The Year of the French
The exportation of revolution has become a common international pastime in our own century, but it is nothing new. The American colonists, successful in their rebellion against the British crown, served as an example to others but were too busy settling a new nation to play any really active role in foreign upheavals. The French, however, were both more militant and more evangelical. When their own successful revolution of 1789 had been accomplished and the ensuing bloodbath had subsided, they looked to the world around them with speculative eyes. They sensed the opportunities that foreign rebellion might offer, and the imperialist urge was upon them. Like many of the revolutionary nations that have arisen since their time, they were far less interested in liberation of the oppressed than in their own enhancement as an instrument of power.
The French Directory had, from the time its position was consolidated, been petitioned by Irish revolutionaries. These activists were firmly convinced that if French troops could be provided to assist them, their own people would rise up and overthrow a British occupation force that had oppressed them for centuries.
To the French, Ireland presented tempting possibilities. England was a formidable adversary, and Ireland was England’s granary. In 1796, a French invasion fleet sailed for Ireland but was held offshore by gales known forever after among the Irish as “the Protestant winds.” The expedition returned to France; Theobald Wolfe Tone, emissary of the Society of United Irishmen, renewed his petitions.
By this time the French were turning their attention to a rising young military genius named Bonaparte, whose ambitions lay in Egypt. By 1798, Bonaparte’s Egyptian campaign was well under way, and the French military effort was directed to his support. Wolfe Tone nevertheless managed to persuade General Humbert that Ireland was closer than ever to a general uprising and that another French expedition could not fail to free his country from British domination.
Humbert gambled on Ireland, hoping to upstage Bonaparte by winning victories while his competitor was bogged down in Egypt. He obtained three frigates and assembled a modest force: 1,066 officers and troops, some field artillery, and five thousand muskets for distribution to the rebels. After delays that were to prove costly, he embarked for Ireland; he had been given assurances that a larger fleet would follow him when his military successes indicated that further support was justified.
Humbert’s campaign was doomed before it started, for he sailed too late to aid the Irish rebels who had already risen, and his supporting fleet sailed too late to retrieve his own situation. When it finally arrived in Irish waters it was intercepted by Admiral Warren’s squadron. In a military sense, the Irish campaign lasted only three weeks, but in terms of inception and aftermath it covered some seven months. Thomas Flanagan’s brilliantly evocative novel tells the story of that summer and autumn, which subsequently passed into Irish history and folklore as Bliadhain na bhFranncach—the year of the French.

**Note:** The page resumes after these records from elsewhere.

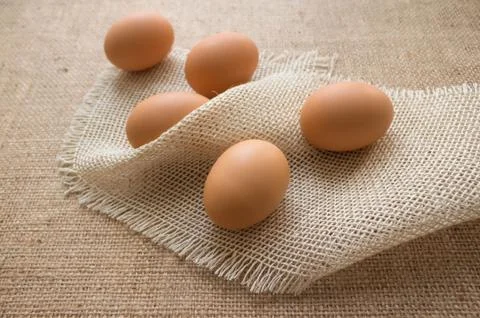 Close up of fresh organic chicken eggs from farmer market on linen tablecloth Stock Photos
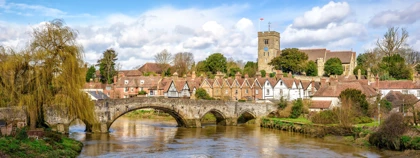Stone bridge over the River Medway in Aylesford, Kent, with historic cottages and a church tower in the background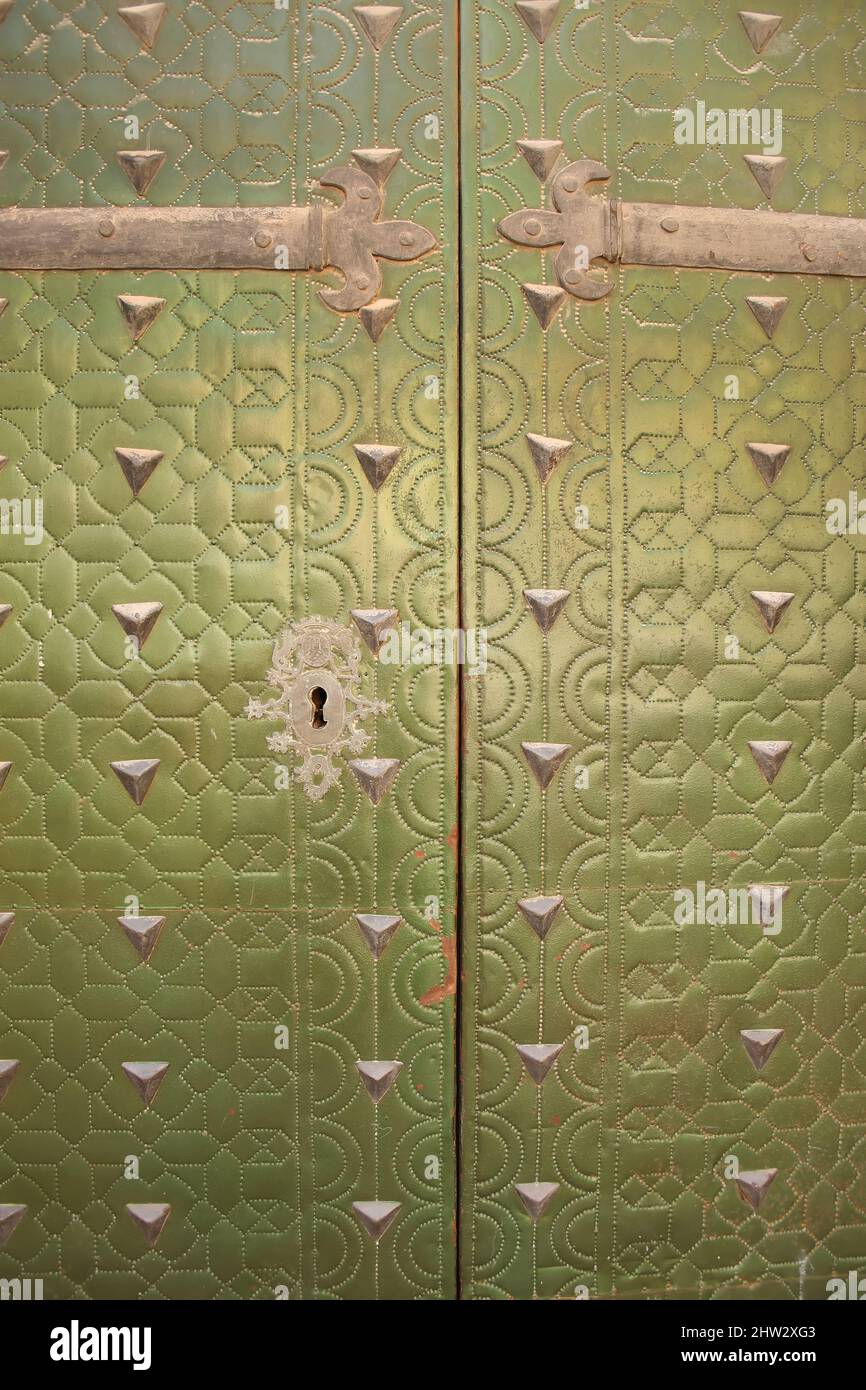 Primo piano della parte esterna di una storica porta in metallo con rivetti in un colore verde lucido, città vecchia, Alicante, Spagna. Foto Stock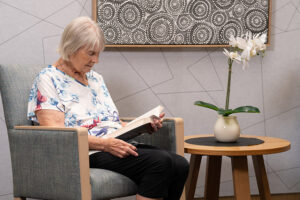 Edlerly woman sitting in armchair reading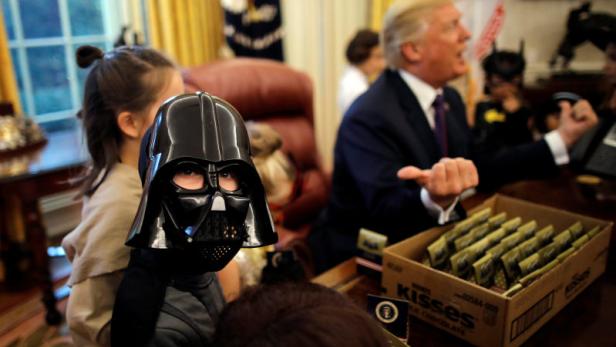 U.S. President Donald Trump gives out Halloween treats to children of members of press and White House staff at the Oval Office of the White House in Washington, U.S., October 27, 2017. REUTERS/Carlos Barria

This novel is no romance, replete with derring-do and high-spirited adventure set against an exotic background. It is instead a sober and painstaking account of human struggle, an evocation of a land and a people. A study of human ignorance as well as human character, it explores those vast gulfs that can lie between individuals or groups and prevent any semblance of understanding.
Although these gulfs always exist in a revolutionary climate, they were unusually pronounced in Ireland. British colonial policies, often beneficial to the nations governed by them, simply did not work in Ireland unless implemented in draconian ways. The Irish were never pacified, but they were thoroughly fragmented; it is doubtful whether the complexities of animosity have ever reached a higher level in any other setting. The English living in Ireland had in many cases been there for generations, and some of them wanted freedom for the country, but they remained essentially English. To these Protestants, the Irish were always an incomprehensible and alien race. They spoke an outlandish tongue, were superstitious, and believed in myths and legends going far back into prehistory; they laughed or wept as the spirit moved them; they loved music and poetry; they were convivial, they brawled, they danced—even under conditions of the most appalling poverty. Worse, they were Papists. The sober English Protestant, still carrying his burden of Puritanism, equated all this with savagery and sloth. Richard Edgeworth, who appears briefly in the novel, provides a splendid example of insight that implies neither approval nor...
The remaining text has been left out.